Clients use the Domain Name Service (DNS) to determine how to reach the load balancer for your application. DNS provides the IP address that the client connects to. The ELB service (which includes Classic Load Balancer, Application Load Balancer and Network Load Balancer) constantly monitors the health and status of each load balancer. When necessary it updates the load balancer DNS records to only include the IP addresses of healthy and properly scaled resources. For ALB and CLB there are various operations that can cause the IP address of the load balancer to change - therefore, clients should not use IP addresses. Instead, they should use DNS to resolve the IP addresses of available load balancers. Multiple IP addresses may be returned in a DNS response (depending on the load balancer nodes that are active and healthy) so clients should attempt to connect to a different IP should the first connection attempt fail. Finally, the DNS record Time to Live (TTL) for load balancers is 60 seconds. DNS TTL is the numeric value (in seconds) that DNS resolvers use to determine how long to cache a record before making another query to Route 53. It is important the clients honor that and perform lookups when the DNS record they previously retrieved has expired.

Best Practice

[ALB, NLB] Make sure clients and local DNS servers respect DNS TTL (time to live) of 60 seconds, and do not cache DNS results longer than the TTL.

Best Practice

[ALB, NLB] Configure clients to reconnect to other IP after a connection failure.

Note

NLB works with static IP addresses and it is an alternative for clients unable to operate based on DNS. However, we recommend using DNS for NLB when you can. This is because, in scenarios where targets in an availability zone are failing the Health Checks and cross-zone load balancing is turned off, the load balancer's DNS record is updated to exclude the IP addresses of the affected zone. As a result, adhering to DNS results can enhance the reliability and availability of connections to NLBs. This approach helps ensure that traffic is directed to healthy and operational zones, maintaining efficient load balancing.

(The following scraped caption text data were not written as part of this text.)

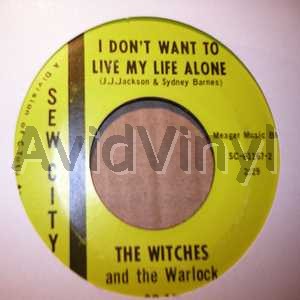 WITCHES AND THE WARLOCK I DON'T WANT TO LIVE MY LIFE ALONE / LET THEM TALK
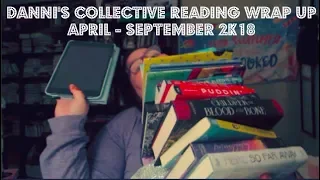 A COLLECTIVE WRAP UP (26 BOOKS! APRIL - SEPTEMBER 2K18)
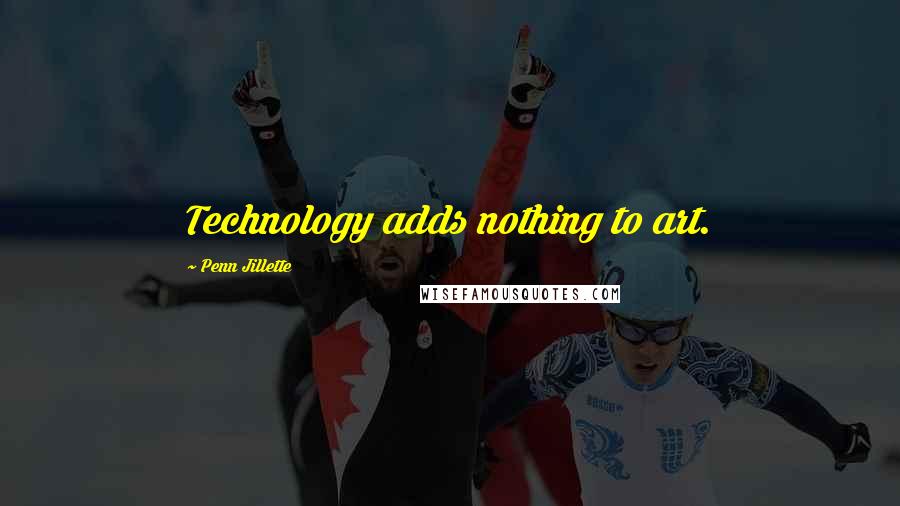 Penn Jillette Quotes: Technology adds nothing to art.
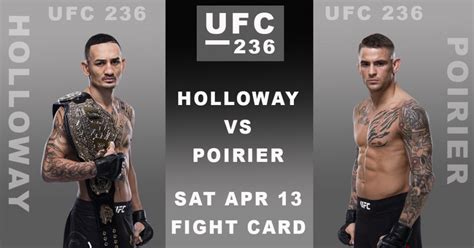 UFC 236 Predictions: Holloway vs. Poirier 2 .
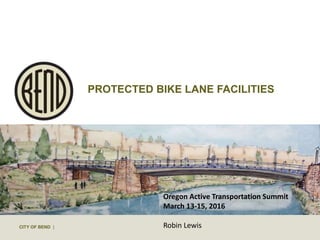 CITY OF BEND |
PROTECTED BIKE LANE FACILITIES
Oregon Active Transportation Summit
March 13-15, 2016
Robin Lewis
 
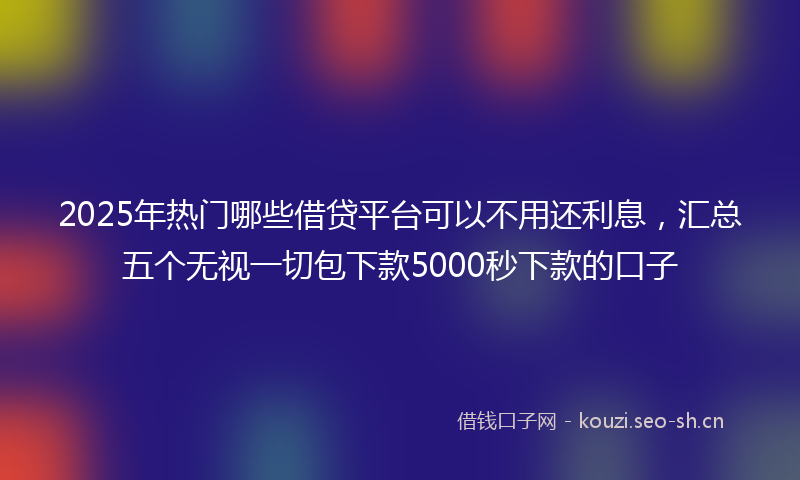 2025年热门哪些借贷平台可以不用还利息，汇总五个无视一切包下款5000秒下款的口子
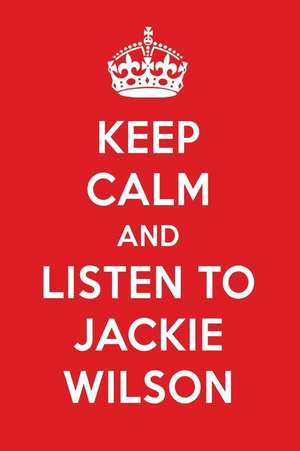 Keep Calm and Listen to Jackie Wilson: Jackie Wilson Designer Notebook de Perfect Papers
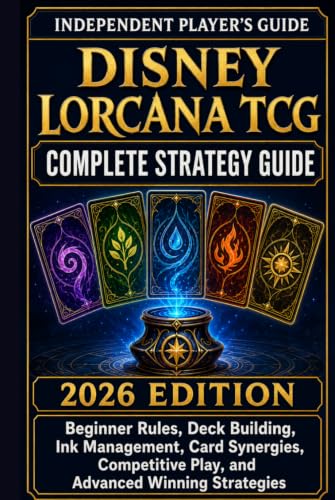 DISNEY LORCANA TCG COMPLETE STRATEGY GUIDE 2026 EDITION: Beginner Rules, Deck Building, Ink Management, Card Synergies, Competitive Play, and Advanced Winning Strategies image 2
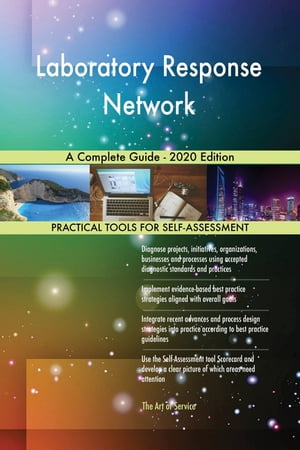Laboratory Response Network A Complete Guide - 2020 Edition【電子書籍】 Gerardus Blokdyk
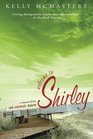 Welcome to Shirley A Memoir from an Atomic Town
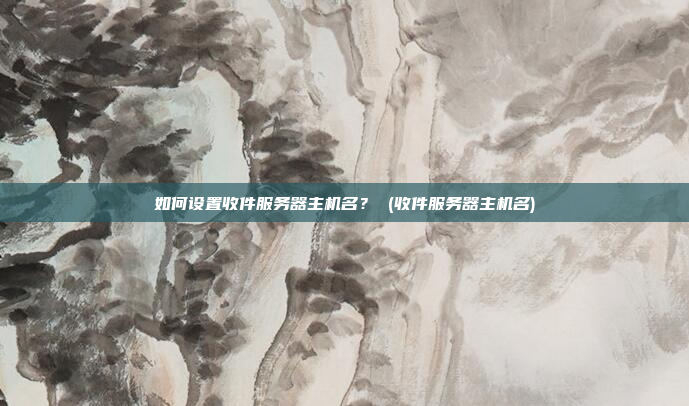 如何设置收件服务器主机名？ (收件服务器主机名)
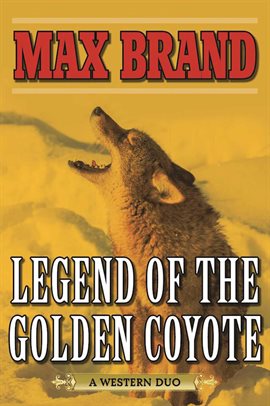 Cover image for Legend of the Golden Coyote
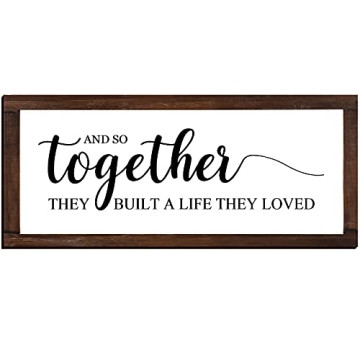Together They Built A Life They Loved Sign - Rustic Framed Wall Decor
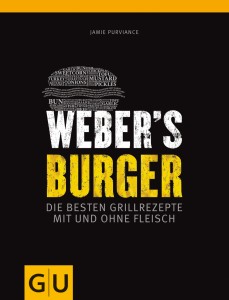 Weber’s Burger – Die besten Grillrezepte mit und ohne Fleisch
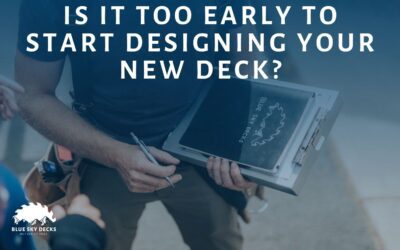 Is it Too Early to Start Designing Your New Deck?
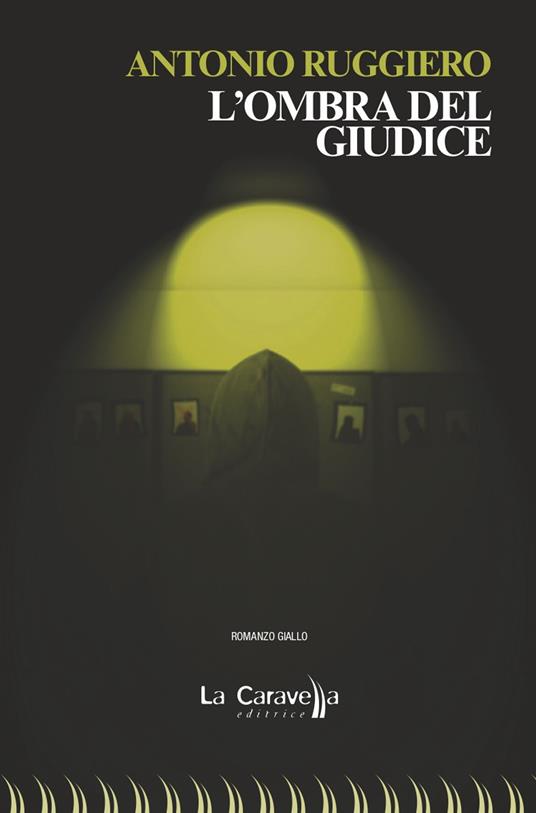 L'ombra del giudice - Antonio Ruggiero - copertina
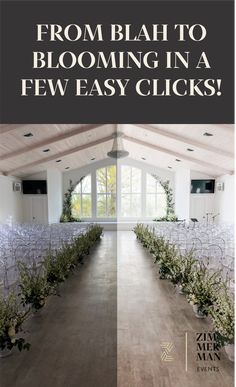 the inside of a church with white pews and greenery on each side, text reads from blah to blooming in a few easy clicks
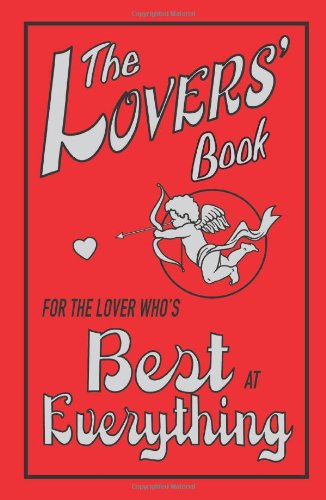 Beispielbild fr The Lovers' Book: For the Lover Who's Best at Everything zum Verkauf von Revaluation Books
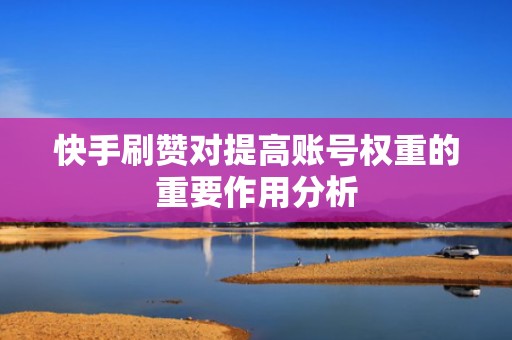 快手刷赞对提高账号权重的重要作用分析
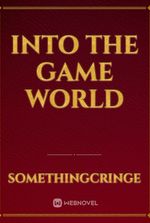 Into the game world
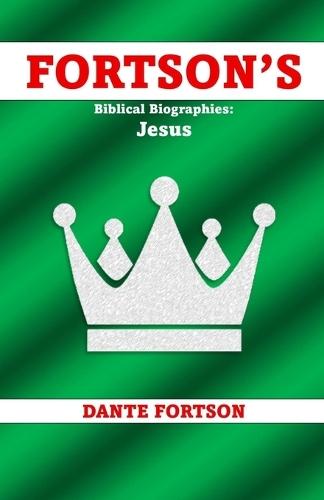 Fortson's Biblical Biographies: Jesus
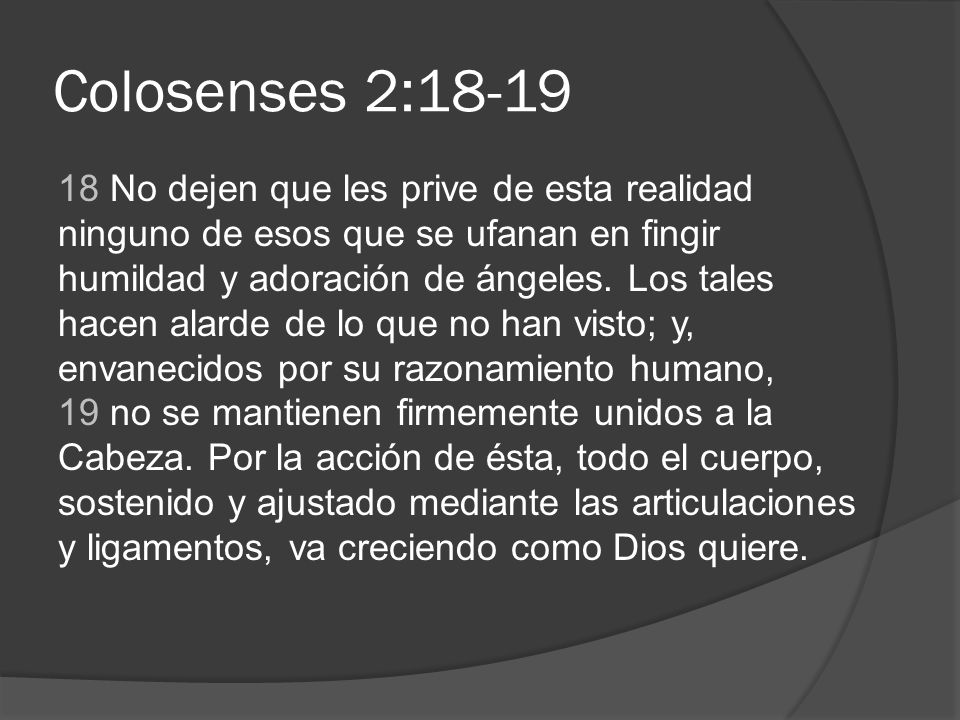 Colosenses 2:18-19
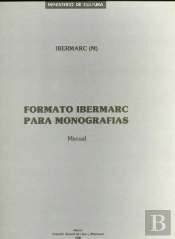Manual De Formato Ibermarc Para Monografías. Actualización Realizada En 1987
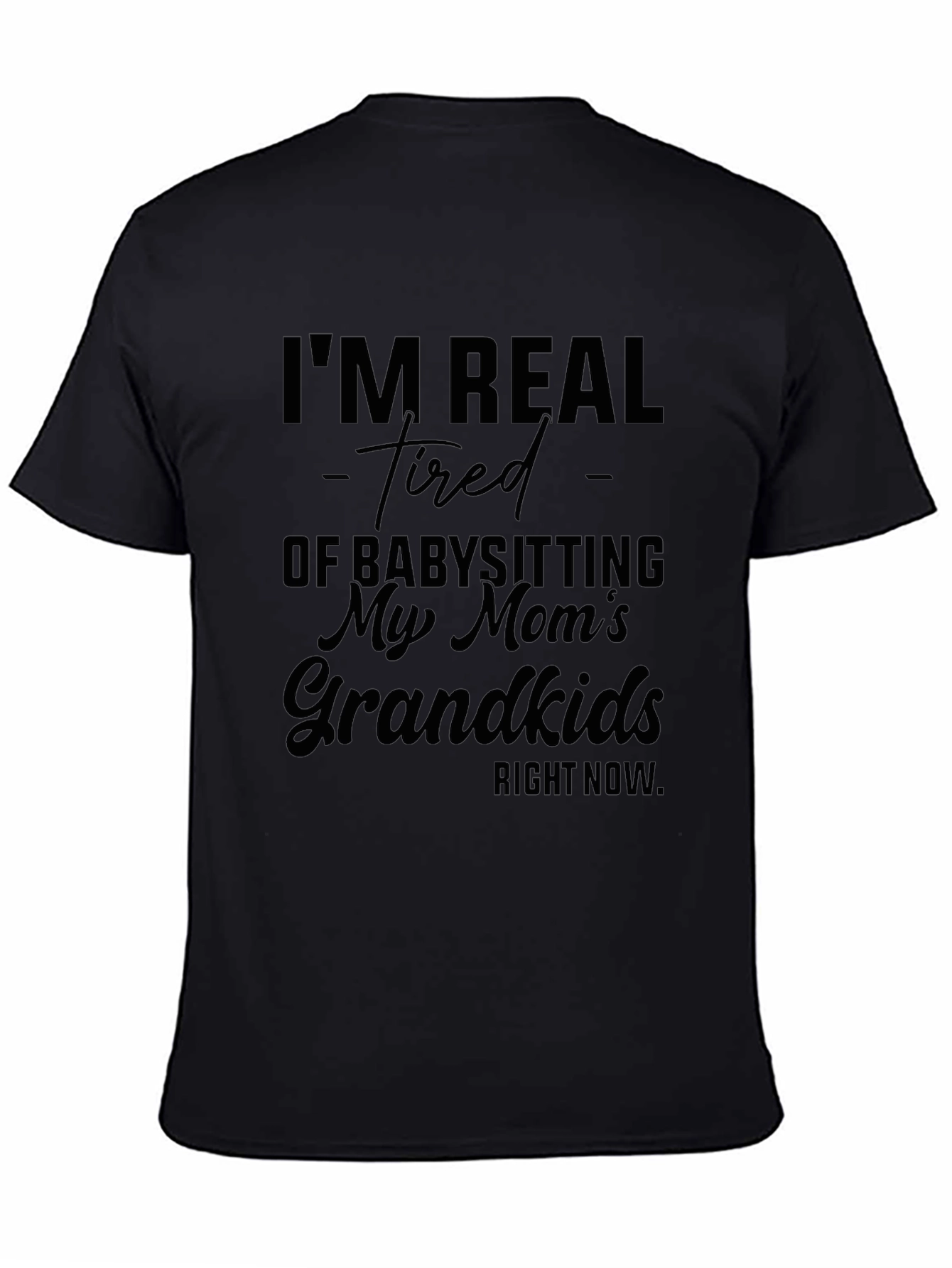 Camiseta Negra con Humor: Cansado de Cuidar Nietos
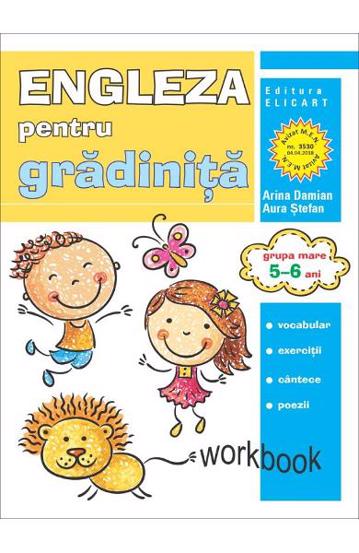 Limba engleza pentru gradinita. Grupa mare. 5 – 6 ani. Workbook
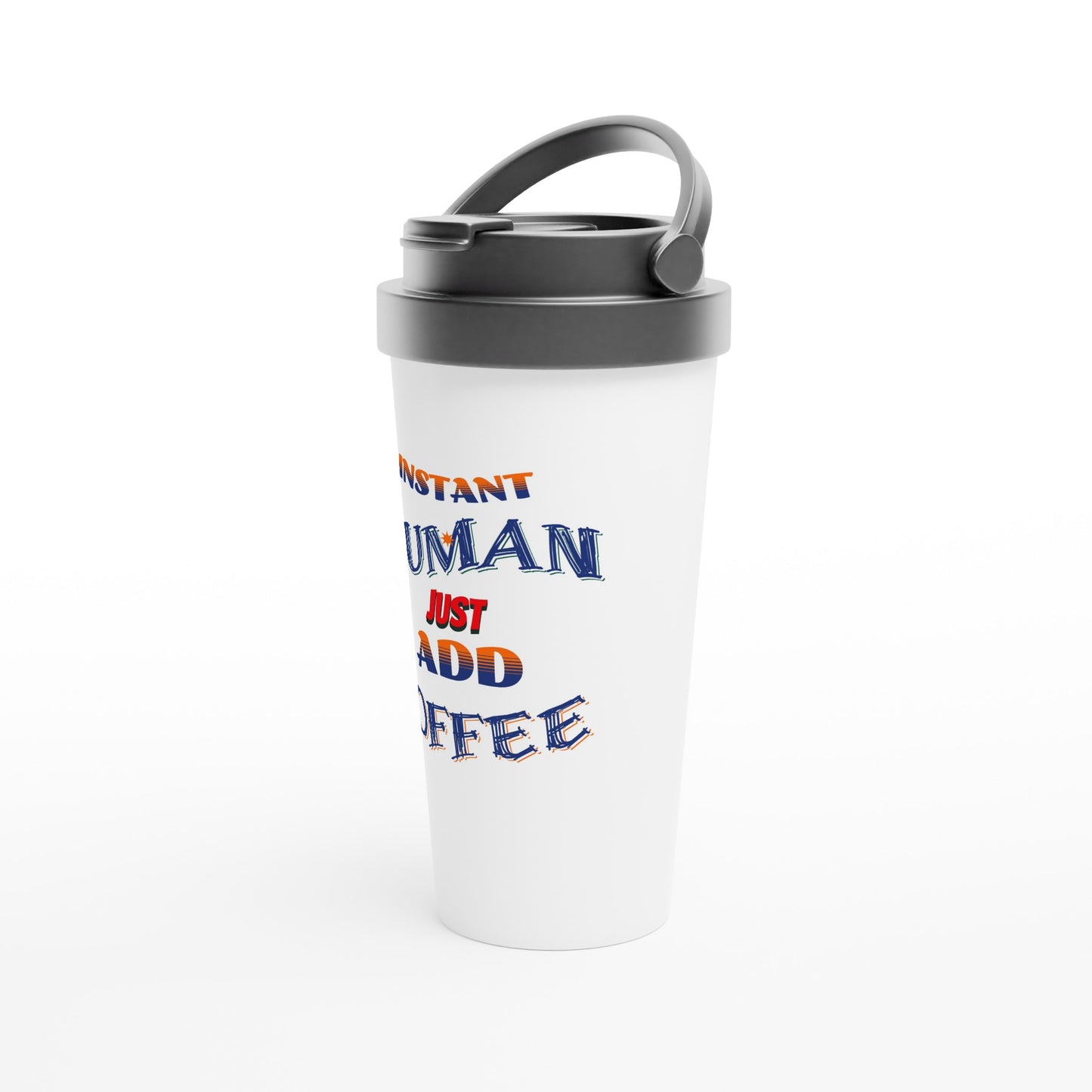 Instant Human White 15oz Stainless Steel Travel Mug at Java Good Coffee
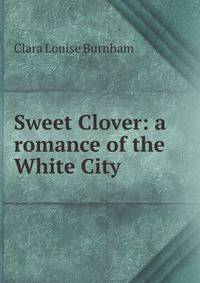 Sweet Clover: a romance of the White City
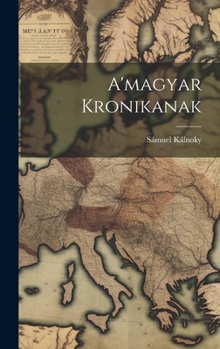 Hardcover A'magyar Kronikanak Book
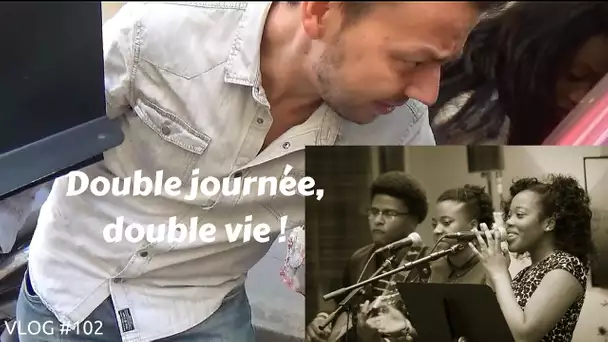 Double journée, double vie ! - VLOG #102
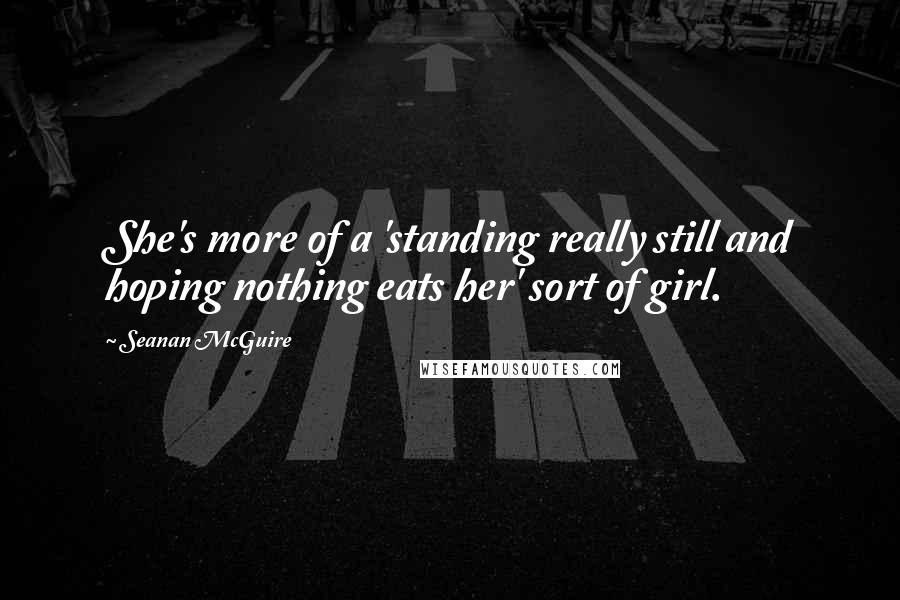 Seanan McGuire Quotes: She's more of a 'standing really still and hoping nothing eats her' sort of girl.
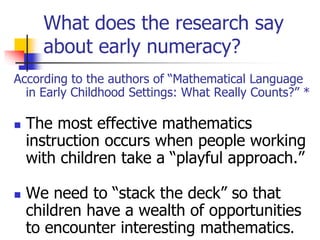 What does the research say
about early numeracy?
According to the authors of “Mathematical Language
in Early Childhood Settings: What Really Counts?” *
 The most effective mathematics
instruction occurs when people working
with children take a “playful approach.”
 We need to “stack the deck” so that
children have a wealth of opportunities
to encounter interesting mathematics.
 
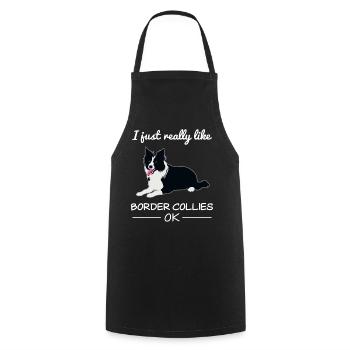 Border Collie Dog Dog Lovers Quote Gift - Cooking Apron - black - Front - AI Model Male 185 dark (185cm)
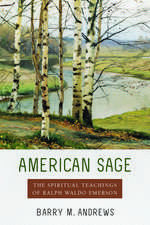 American Sage: The Spiritual Teachings of Ralph Waldo Emerson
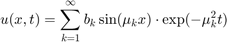 $$u(x,t) = \sum_{k=1}^\infty b_k \sin(\mu_k x)\cdot \exp(-\mu_k^2 t)$$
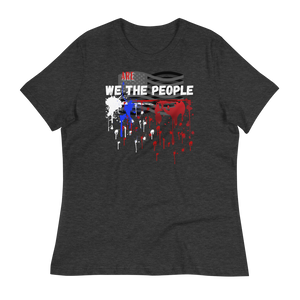 WE ARE THE PEOPLE - Women's Relaxed T-Shirt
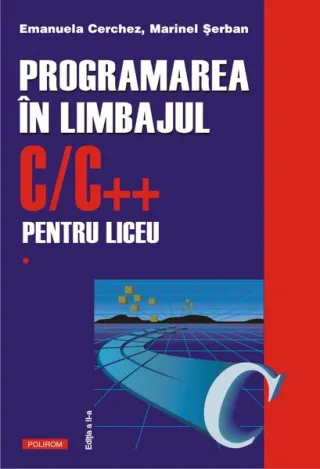Programarea în limbajul C/C++ pentru liceu (Vol. 1)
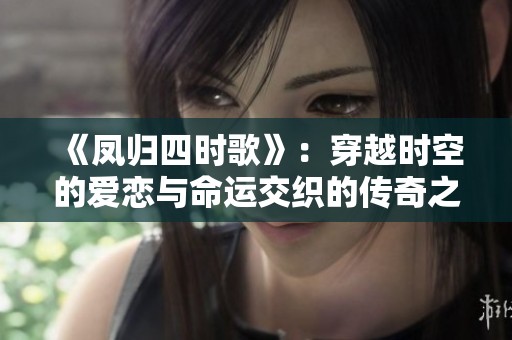 《凤归四时歌》：穿越时空的爱恋与命运交织的传奇之旅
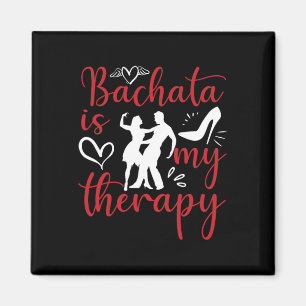 Bachata Tanzen ist meine Therapie lateinische Musi Magnet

Use Amazon Route 53 Application Recovery Controller for zonal shift

If you are experiencing issues in your AWS environment that are isolated to a single Availability Zone (AZ), it's often advisable to shift traffic away from that AZ. In an ideal setup, effective health checks would identify the system's unavailability in that AZ, triggering an automated failover in DNS. This process would result in the removal of the load balancer nodes in the impacted AZ from the DNS response. However, particularly in cases of intermittent or gray failures, you may want to proactively ensure that an AZ is evacuated until specific readiness checks are passing. Amazon Route 53 Application Recovery Controller integrates with both Application and Network Load Balancers for zonal shift operations when necessary. This blog post covers in details how to build resilient applications using this feature.

Best Practice

[ALB, NLB] Use Amazon Route 53 Application Recovery Controller for zonal shift.